Meanings of a set of data

#1
Hi,

My name is ngungo, means innocent or ignorant, and I am new here. I am a retired Computer Process Control Engineer. I had few statistics courses in school and had applied some at work long time ago and now forgot all about it. I guess I can hit the books again to refresh but I need some hints. Be warned that I don't even know how or what to ask.

Here is my problem. I have given a huge set of data that tabulated in rows and columns. I need to understand it, read it, comprehend it. I need it tells me something. What can I do? What procedures or formulas? I heard there is some statistics tools like black box that you just feed the data then it tell you something. Is such a thing exists? By the way I am pretty good at numerical programming.

I don't know what else to ask or maybe you ask and guide me to right direction, please. Thanks in advance.

--ngungo
 
#2
I spent all day today learning more about what I have no clue what-so-ever about. The SAS looks impressive but the final tool I chose was R language for the reason that I am a programmer and it's cheap. I'd appreciate if someone says something.
 
#3
I downloaded the R-2.15.0 and R-intro book. The R language is very interesting. I just finish the Appendix A: A sample session. It's a productive Sunday.
 

Dason

Ambassador to the humans
#5
R is awesome and I'm glad to hear you got it all installed and running. I'm not really sure what you meant by your last post though. If you have specific R questions feel free to post a new thread asking about them.
 

noetsi

Fortran must die
#6
Before you use a method, or a statistical software, to answer this question - you have to decide why you are interested in the data. What is your research question? It is very rare, and probably impossible, to just look at data and decide something with it unless you have some purpose in mind before you start.

As someone pointed out to me, if you have actual variables in your rows or columns, one easy place to start is with EFA. Exploratory factor analysis.
 
#7
@Dason: I sure will. Thanks.

@noetsi:
Few weeks ago I met an old colleague and we had some beer. I complained to her that my life was dull and I missed the good ol' days at the company. A week ago I heard from her again offering a small commission. She threw at me a good size table of numbers and asked me to make sense out of it. She did not know I don't know jack about statistics though she knew I was in the process control field and I did not volunteer to tell. :)

At the moment, I try to get acquainted with R and to relearn Introduction to Statistics. I am also to find out what Exploratory factor analysis is about now. Thanks for the hints. I got my life back.
 
#8
“I have given a huge set of data that tabulated in rows and columns.”
How many observations (rows) and how many variables (columns) do you have?

As a first check of the data I normally run through for all variables the number of observations (n), the mean, the standard deviation and minimum and maximum.
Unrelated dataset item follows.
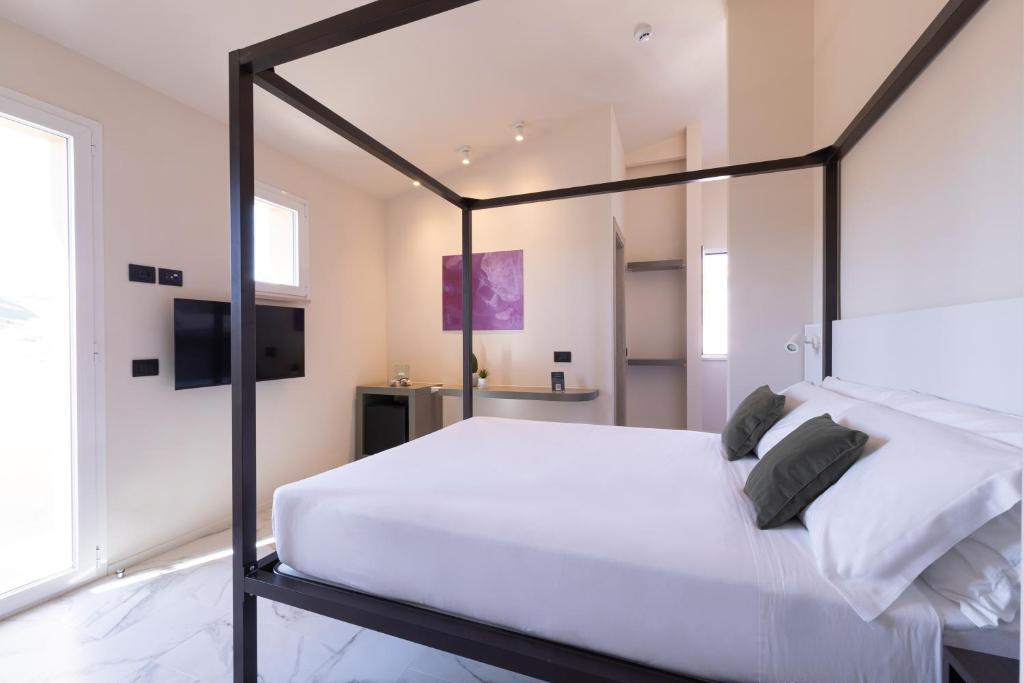 Postel nebo postele na pokoji v ubytování Pietra Bianca Hotel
Is the “n” reasonable? And the mean and standard deviation? Looking at min and max sometimes show you if there are any incorrect values. You might know that some variables must be within a certain range; larger than zero for example. Sometimes there are missing value coded as “999” or something similar. Sometimes (from excel I believe) missing values are coded as zero (0). There are all kinds of cleaning and checking that needs to be done.

This (data quality checking) is often forgotten. I believe that many (bad) decisions in companies are based on simply incorrect data.

(If you suspect that a few variables are incorrect you need to go back to the client and ask for corrections.)

Then when you have a rough idea of the level (the means) of your data, then it is good to look at the distributions of the variables. Boxplots and histograms are useful.

You will soon be overwhelmed by the amount of result (if there are more than five variables). You will need save your result and document which code create what output. (Save date of creation.)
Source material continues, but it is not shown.